# how to pass smog check



## dans200sx (Sep 25, 2002)

how do you pass smog check with a hotshot cai in california?


----------



## chimmike (Oct 17, 2002)

either find a place that doesn't look, or think a little and put the stock airbox back on.


----------



## psuLemon (Apr 23, 2003)

know your machanic like i do.. who wont put anything on you....


----------



## danifilth (May 14, 2003)

does PA have visual checks?


----------



## sentra97gxe (Mar 17, 2004)

danifilth said:


> does PA have visual checks?


It all depends upon the county your in. We don't have anything like CA's regulations. My county only reguires a visual which consist of verifying a cat, muffler, and no leaks in the exhaust. Some counties reguire an emissions test. As for mods, pretty much anything will pass as long as you have those few things for the visual.

Mitch


----------



## psuLemon (Apr 23, 2003)

^mitch you are lucky but that wont be very long, in chester county we have full out emissions, smog, they test for hydrocarbons and something else.. but yea, i failed last year but my mechanic fooled aroudn with my car till it passed..


----------



## vector03 (Nov 12, 2003)

Any car in Maryland after 96 just gets the computer checked for anything related to emissions. IE...misfire codes. You could be polluting the shit outta the air but as long as their aren't any codes in your computer you'll pass. Nice huh


----------



## Triple_T (Mar 18, 2004)

danifilth said:


> does PA have visual checks?


i just got a letter in the mail and pa now does have visual checks, so better but them cats on boys :thumbdwn:


----------



## Triple_T (Mar 18, 2004)

my car passes emissions(at my mechanic) without my cat, but now we need a visual check for the cat, so i just took my old cat, and cut it and modified it just to fit over the exhasut pipe, so it doesnt do anything, its just there for the mechanic to see :cheers:


----------



## stealthb14 (Apr 30, 2002)

dans200sx said:


> how do you pass smog check with a hotshot cai in california?


 I passed no problem...


----------



## sentra97gxe (Mar 17, 2004)

psulemon said:


> ^mitch you are lucky but that wont be very long, in chester county we have full out emissions, smog, they test for hydrocarbons and something else.. but yea, i failed last year but my mechanic fooled aroudn with my car till it passed..

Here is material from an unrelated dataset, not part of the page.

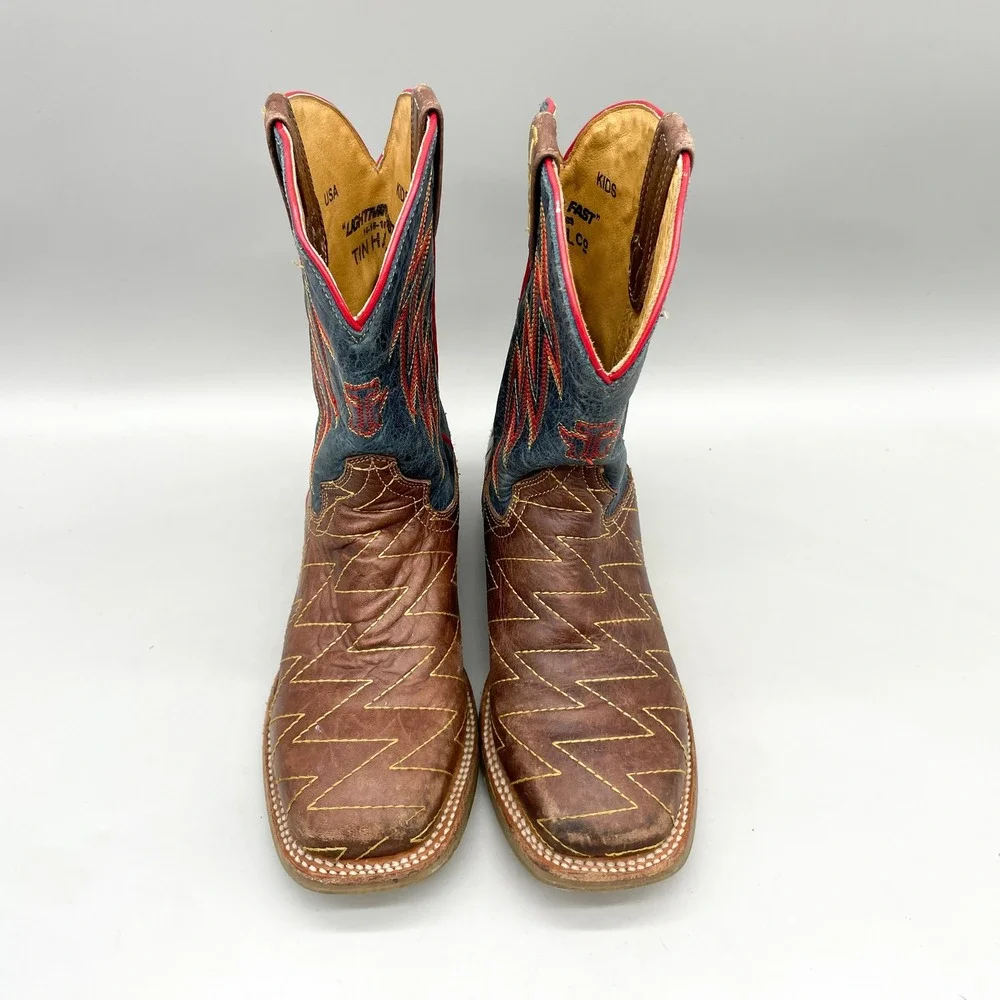 Tin Haul Kids 3 Lightning Fast Boys Western Cowboy Boots Brown Leather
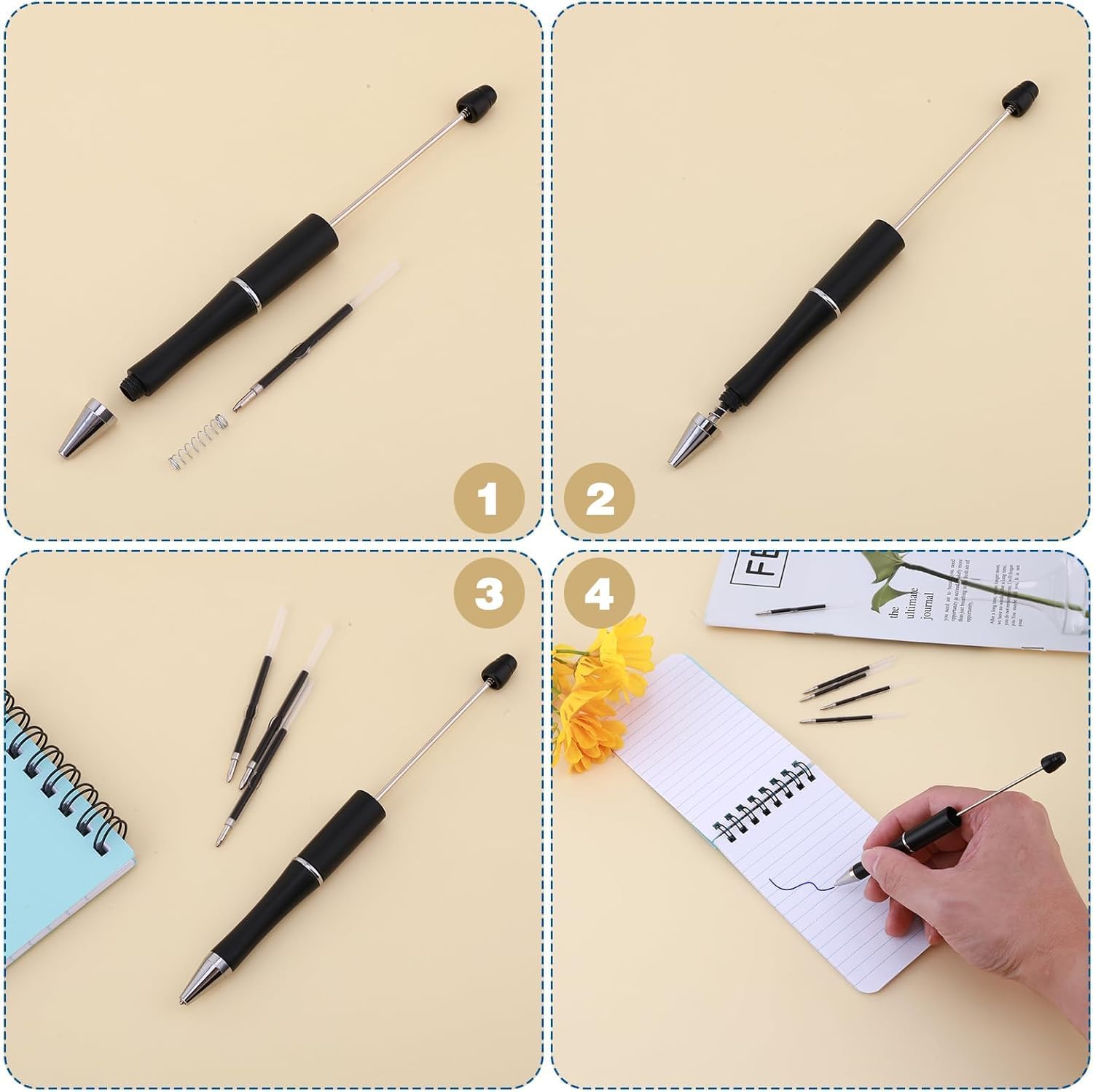Retractable Ballpoint Pen Refills 30 Pieces 1mm, Medium Point 4.2 Inch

Damn. I know York county(next to my county) does an emissions test but mine only requires visual b/c my county doesn have many people in it. Oh well, if they bring the other crap my way I have connections so I'll be alright.

Mitch


----------



## danifilth (May 14, 2003)

vector03 said:


> Any car in Maryland after 96 just gets the computer checked for anything related to emissions. IE...misfire codes. You could be polluting the shit outta the air but as long as their aren't any codes in your computer you'll pass. Nice huh



What about before 96?


----------



## vector03 (Nov 12, 2003)

Sniffer Test

MVA Vehicle Emissions Testing


----------